In 1814, Mary Wollstonecraft Godwin began a passionate and scandalous relationship with the poet Percy Shelley and ran away with him. She was 16 years old. Condemned by the moralists, their tumultuous love thrived on their progressive ideas.
In 1816, the couple was invited to spend the summer in Geneva, on the shores of Lake Geneva, at the home of Lord Byron. One stormy night, prompted by a bet, Mary thought of the character of Frankenstein. In a society that left no room for female writers, Mary Shelley, barely 18 years old, was about to revolutionize literature and leave a mark on popular culture forever.

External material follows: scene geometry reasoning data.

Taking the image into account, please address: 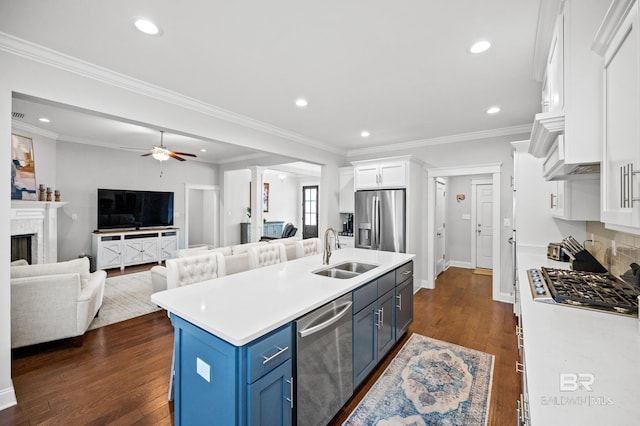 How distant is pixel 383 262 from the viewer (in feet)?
9.18

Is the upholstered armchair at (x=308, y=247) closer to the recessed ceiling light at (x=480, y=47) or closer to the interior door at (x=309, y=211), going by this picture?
the recessed ceiling light at (x=480, y=47)

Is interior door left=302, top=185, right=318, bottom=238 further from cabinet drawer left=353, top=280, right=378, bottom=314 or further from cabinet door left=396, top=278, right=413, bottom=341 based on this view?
cabinet drawer left=353, top=280, right=378, bottom=314

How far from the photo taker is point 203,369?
139 cm

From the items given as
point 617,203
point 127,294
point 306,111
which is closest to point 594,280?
point 617,203

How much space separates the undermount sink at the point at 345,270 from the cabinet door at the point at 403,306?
15.4 inches

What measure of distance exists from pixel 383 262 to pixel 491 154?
9.70ft

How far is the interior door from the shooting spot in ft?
32.6

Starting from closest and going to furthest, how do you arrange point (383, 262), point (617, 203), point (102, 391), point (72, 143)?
point (617, 203) → point (102, 391) → point (383, 262) → point (72, 143)

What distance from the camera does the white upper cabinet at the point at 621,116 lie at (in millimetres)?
891

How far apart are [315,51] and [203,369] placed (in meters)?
2.32

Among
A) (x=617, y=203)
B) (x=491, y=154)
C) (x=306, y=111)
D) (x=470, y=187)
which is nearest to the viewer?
(x=617, y=203)

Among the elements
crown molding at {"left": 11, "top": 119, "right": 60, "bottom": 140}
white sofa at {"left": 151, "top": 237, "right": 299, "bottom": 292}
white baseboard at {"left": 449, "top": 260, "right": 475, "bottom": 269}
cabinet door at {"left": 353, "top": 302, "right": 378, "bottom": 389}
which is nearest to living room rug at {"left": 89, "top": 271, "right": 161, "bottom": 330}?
white sofa at {"left": 151, "top": 237, "right": 299, "bottom": 292}

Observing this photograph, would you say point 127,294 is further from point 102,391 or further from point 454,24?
point 454,24

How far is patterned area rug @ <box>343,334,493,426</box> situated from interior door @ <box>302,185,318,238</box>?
7274 millimetres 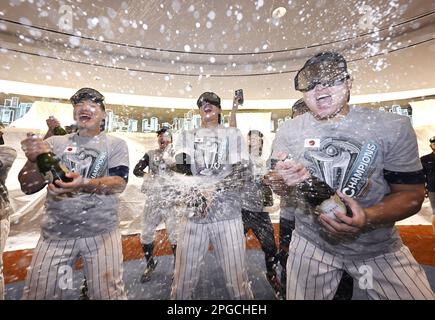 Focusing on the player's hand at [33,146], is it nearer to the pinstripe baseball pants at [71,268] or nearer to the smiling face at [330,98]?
the pinstripe baseball pants at [71,268]

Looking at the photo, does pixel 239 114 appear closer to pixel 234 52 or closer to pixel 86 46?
pixel 234 52

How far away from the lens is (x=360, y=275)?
4.45 feet

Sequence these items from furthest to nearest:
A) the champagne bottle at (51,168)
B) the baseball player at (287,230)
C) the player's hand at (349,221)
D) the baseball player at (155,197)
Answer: the baseball player at (155,197) < the baseball player at (287,230) < the champagne bottle at (51,168) < the player's hand at (349,221)

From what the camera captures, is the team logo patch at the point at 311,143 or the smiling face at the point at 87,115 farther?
the smiling face at the point at 87,115

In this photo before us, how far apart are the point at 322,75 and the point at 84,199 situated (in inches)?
82.1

By engaging with the English classical repertoire, Saudi director Haifaa Al Mansour, the first woman to direct a feature film in Saudi Arabia (the remarkable Wadjda), proves to be an interesting choice, for its feminist themes and symbolism more than for its form and cultural stakes.
Mary Shelley belongs to those women writers who were crushed by the phallocracy of their time โ here the first half of the 19th century โ a period when female authors were scorned and forced into pseudo existence.
Through the lens of Mansour’s camera, she becomes a fighter, a precursor to feminism (the refusal of publishers to publish her, despite the brilliance of her short but dramatic novel, unless she agreed to let her poet husband claim the name of that monstrous child).
One can understand the producers’ choice and the director’s intent to find, as we suspect, material to support a comparison with Saudi Arabia, where women amount to nothing without their husbands, akin to the United Kingdom of the 19th century.